Online accessibility is an essential these days, yet many businesses and online resources haven't optimised their content.
Is there an excuse? No, not really. Making your content accessible is easy enough to achieve, especially with the tools and software we now have available. For example, Happy Scribe's AI subtitling services can automatically or manually add them to your video content.
All you need to do, is pay the small fee for these services. It's a small price to pay for businesses of any size to provide for those audiences who might otherwise struggle to access your content.
When you've got the tools to make your content accessible, it's important to take the lead so that others follow suit. The internet is a shared space with no sole owner. This means we all have a duty to make it a space that everyone can engage with fully.
Three ways to make your content accessible
Improving your content to make it more accessible has many benefits for both you and your audience. So, how can you make your content accessible?
1. Make improvements across your whole site.
Your website has many elements that all contribute to the overall customer experience. For someone looking for accessible sites, it's good to improve every digital inch of your website.

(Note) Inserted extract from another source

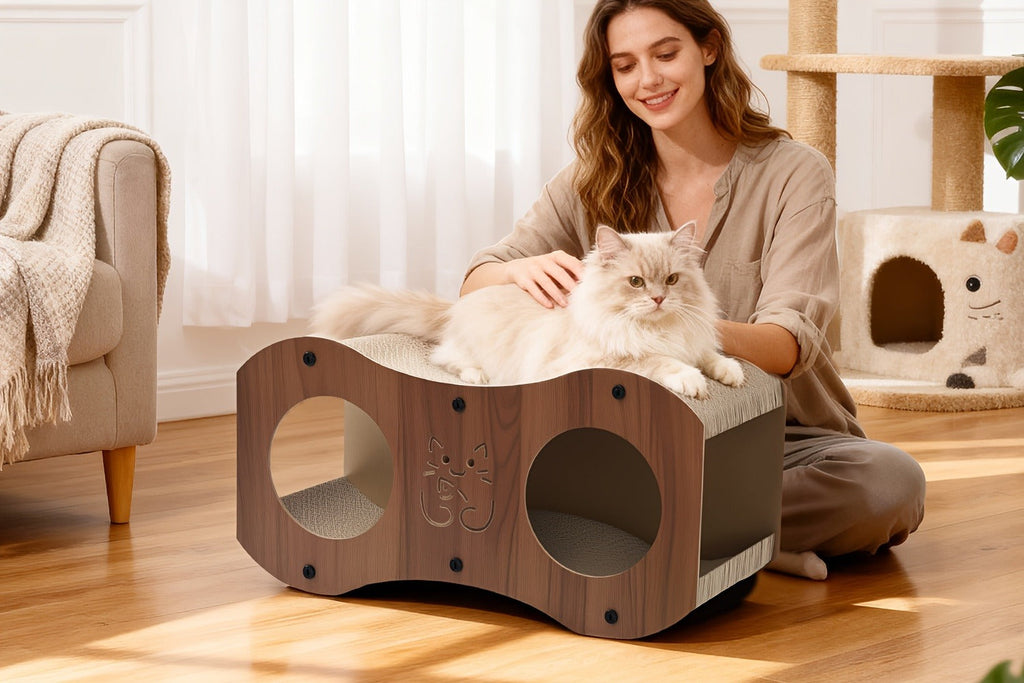 Cat Scratching Post with Integrated Cat Bed – Sturdy Walnut Wood Base, 4-Season Woven Scratch Pad, Indoor Cat Scratcher Lounge for Scratching, Lounging & Play - product image 12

There's a lot of content on your website and therefore plenty that you do to make it more accessible. There are Web Content Accessibility Guidelines (WCAG) which is a good place to start when considering what's needed in order to cater to your disabled users.
A few of the suggestions we would recommend you make to your website include the following.
- Low-contrast text, font and sizing - The text you use is a critical part of making your content more accessible. For example, low-contrast text can be very difficult for some people to read. To solve this, increase the contrast between your text and web page background.
- Embolden your text - It's a good way to enhance text against your webpage's background colour. You should also check that your colour scheme doesn't clash and cause low-contrast elsewhere. Consider the typeface you use. Make sure it's easy to read and that the sizing isn't too small.
- Alt-text on images - Alt-text is the description placed on your images so that those with computer screen readers can have the content described to them. For those with limited vision or blindness, this is crucial for them to get a clear picture of what they're engaging with. The more descriptive your Alt-text is the better. This should be easy to do as content management systems like WordPress, have this feature built it.
- Design forms for accessibility - Many websites have forms, be it a contact form or a form to subscribe to a newsletter. These forms should be accessible to everyone. There are a number of ways to do this. Support keyboard navigation and, where possible, use focus styling so that users know what they're clicking on or hovering over. You can also code a programmatic label for screen readers and provide instructions for screen readers using ARIA labels.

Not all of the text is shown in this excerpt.